WHAT TO PRODUCE: Repeat exactly the stretch of lines that starts with the one containing "Hopefully you get" and ends with the last line of the material. Leave out pictures.

EXERCISE MATERIALS:

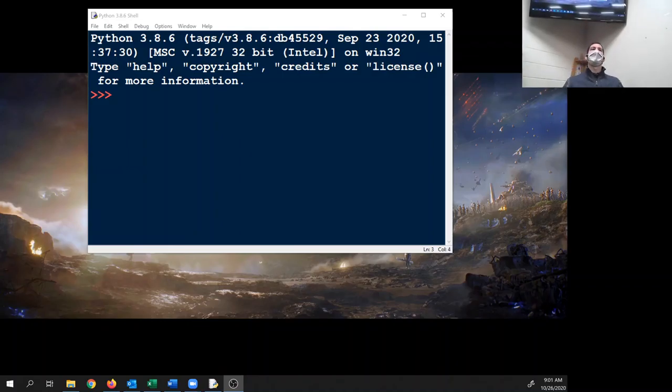All right, get your badger and arrow code out — we're going to finish that. Once we're done with that, we're going to start working on our pie game. We're going to continue to work on our game for a couple of days.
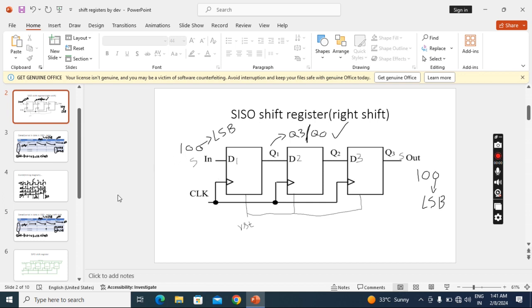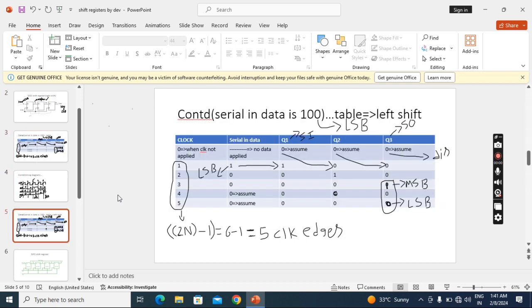MSB is going first and MSB comes out first. Looking at the table: the first bit, one, is going inside, so this zero will come here, this zero will come here, and this zero will become discarded. Now zero is going, so this one comes here, this zero comes here, and this zero is discarded. Now zero going: this zero comes here, this one comes here.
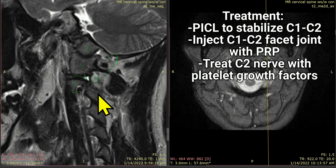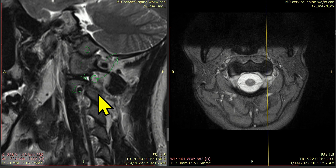Another component of that is going to be treating directly that C1-C2 joint, and possibly that C2 dorsal root ganglion. Interesting case — we don't normally see this much swelling in the C1-C2 joint, and we certainly don't see it pushing against the C2 dorsal root ganglion, but it explains all of her symptoms nicely.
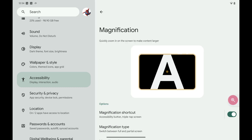Going forward, whenever you quickly triple tap anywhere on your Android device screen, you'll zoom in 3x on that area.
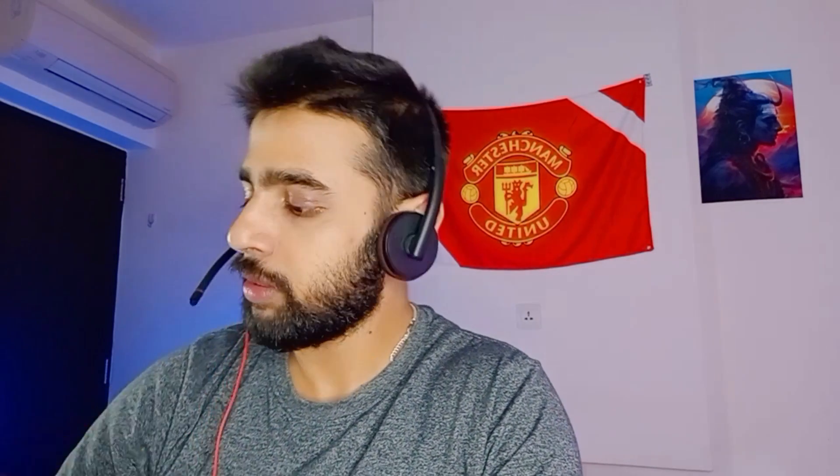We're going to use Vectara's low-code/no-code platform for the vector database, and we're going to use FlowWise, which is a low-code/no-code tool to help you build AI applications. You can also use Make.com, GumLoop, Dify, or any other similar tools. Let's jump in and see how we can do that.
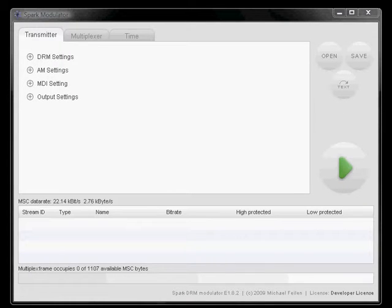This video shows how to use MDI. Let's say we want to transmit a stream over MDI, which is the Multiplex Distribution Interface, over network, and we don't want to use OFDM modulation.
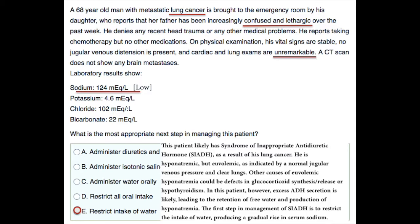This question requires you to know that there is a link between lung cancer and syndrome of inappropriate antidiuretic hormone, or SIADH. The low sodium levels also point us to the fact that he is hyponatremic but euvolemic, as indicated by a normal jugular venous pressure and clear lungs.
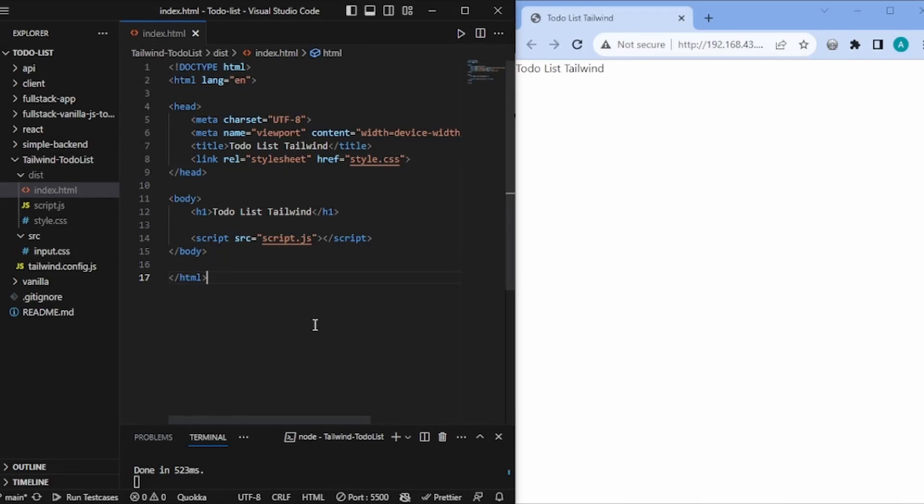Hello folks. In today's video, we will make a to-do list application using Tailwind CSS. Previously we have only used Vanilla CSS, but in this video I'll show you how to make the same app using Tailwind CSS, because Vanilla CSS is not something that is often used in the industry.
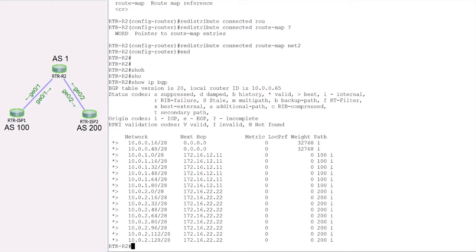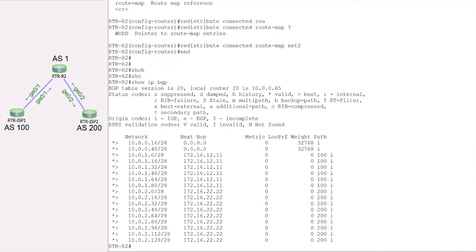Hopefully you get the idea behind route map — it's a powerful concept. You can use route map to make changes to BGP attributes. There are two things: the match, where you match certain conditions — in our example we matched based on our access list — and the set command, where you take action, like changing the origin code. You can also change metrics, community attributes, next hop, and more. That'll be all for this lab, see you in the next one — thank you.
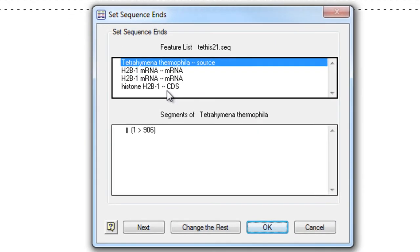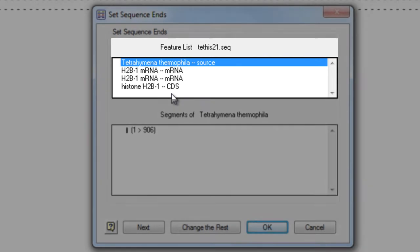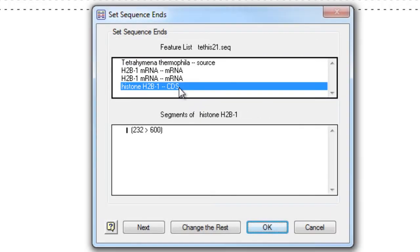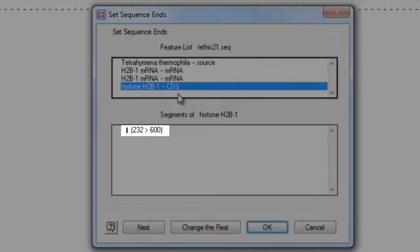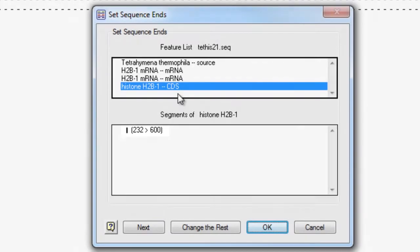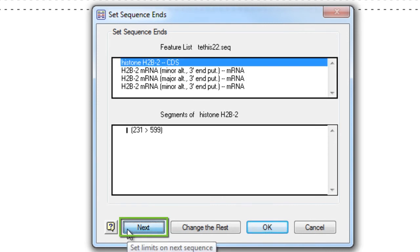This opens the Set Sequence Ends dialog. Here all of the features annotated on each sequence are listed. From here, I can choose a feature, and that shows me the range of that feature on my sequence. To limit this sequence to just those coordinates, I'll click Next, and then select the CDS feature for each of the remaining sequences.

ANSWER SECTION:
Hopefully you get the idea behind route map — it's a powerful concept. You can use route map to make changes to BGP attributes. There are two things: the match, where you match certain conditions — in our example we matched based on our access list — and the set command, where you take action, like changing the origin code. You can also change metrics, community attributes, next hop, and more. That'll be all for this lab, see you in the next one — thank you.
This opens the Set Sequence Ends dialog. Here all of the features annotated on each sequence are listed. From here, I can choose a feature, and that shows me the range of that feature on my sequence. To limit this sequence to just those coordinates, I'll click Next, and then select the CDS feature for each of the remaining sequences.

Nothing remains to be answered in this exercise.